1.题目


Given an array where elements are sorted in ascending order, convert it to a height balanced BST.


2.解决方案1


struct Node{
     TreeNode* t;
     int l;
     int r;
     Node(vector<int> &num, int l, int r){
         this->t = new TreeNode(num[l+(r-l)/2]);
         this->l = l;
         this->r = r;
     }

     Node* getLeft(vector<int> &num){
         int m = l + (r-l)/2;
         if(l>=m) return NULL;
         Node* left = new Node(num, l, m);
         t->left = left->t;
         return left;
     }

     Node* getRight(vector<int> &num){
         int m = l + (r-l)/2;
         if(m+1>=r) return NULL;
         Node* right = new Node(num, m+1, r);
         t->right = right->t;
         return right;
     }
 };

class Solution {
public:

    TreeNode *sortedArrayToBST(vector<int> &num) {
        if(num.size()==0) return NULL;
        stack<Node*> s;
        Node* root = new Node(num, 0, num.size());
        s.push(root);
        while(!s.empty()){
            Node* n = s.top(); s.pop();

            Node* left = n->getLeft(num);
            if(left) s.push(left);

            Node* right = n->getRight(num);
            if(right) s.push(right);
        }
        return root->t;
    }
};


思路:把一个已经排好序的数组转换成一个平衡二叉搜索树。

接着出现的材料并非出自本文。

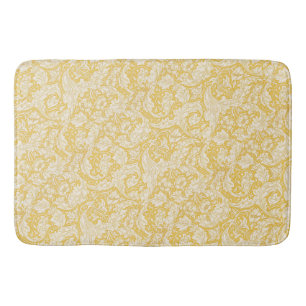 William Morris Bachelors Button Gouden Achtergrond Badmat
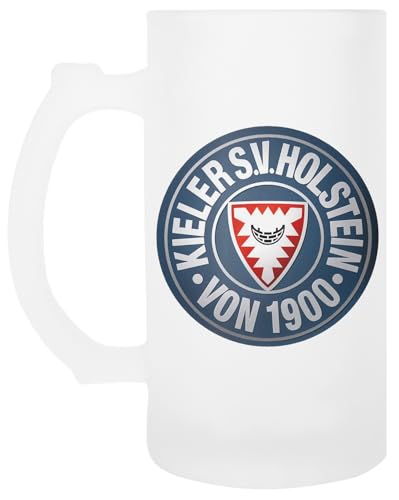 OLDRYTEE Kieler Sv Holstein Transparenter Becher Mit Biergriff Aus Glas von OLDRYTEE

因为是平衡的二叉搜索树,即左右树的高度只相差1.所以对数组进行二分查找,这样找出的数才好建立树。非递归的方式要用到一个stack作为铺助,把所有的点都处理一次,树就建立好了。


3.解决方案2

class Solution {
public:

    TreeNode* build(vector<int> &num, int left, int right){
    if(left <= right){
        int mid = (left + right) / 2;
        TreeNode* rootNode = new TreeNode(num[mid]);
        rootNode->left = build(num,left,mid - 1);
        rootNode->right = build(num,mid + 1, right);
        return rootNode;
    }else{
        return NULL;
    }
    

}

    TreeNode *sortedArrayToBST(vector<int> &num) {
        int len = num.size();
    TreeNode * root = NULL;
    if(len>0)
        root = build(num, 0, len-1);
    return root;
    }
};



思路:递归建立树是比较常用的方法,但速度非常慢。